• _Problem to work on_: All records shown below should be given again, character for character.

• _Extracted data entries_:

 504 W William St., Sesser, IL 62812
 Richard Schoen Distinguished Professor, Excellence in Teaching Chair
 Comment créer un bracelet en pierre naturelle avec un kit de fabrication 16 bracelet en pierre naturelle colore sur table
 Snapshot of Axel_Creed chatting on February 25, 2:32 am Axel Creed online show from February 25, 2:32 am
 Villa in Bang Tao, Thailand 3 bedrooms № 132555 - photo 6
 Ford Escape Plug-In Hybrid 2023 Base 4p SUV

• _Task result_:
 504 W William St., Sesser, IL 62812
 Richard Schoen Distinguished Professor, Excellence in Teaching Chair
 Comment créer un bracelet en pierre naturelle avec un kit de fabrication 16 bracelet en pierre naturelle colore sur table
 Snapshot of Axel_Creed chatting on February 25, 2:32 am Axel Creed online show from February 25, 2:32 am
 Villa in Bang Tao, Thailand 3 bedrooms № 132555 - photo 6
 Ford Escape Plug-In Hybrid 2023 Base 4p SUV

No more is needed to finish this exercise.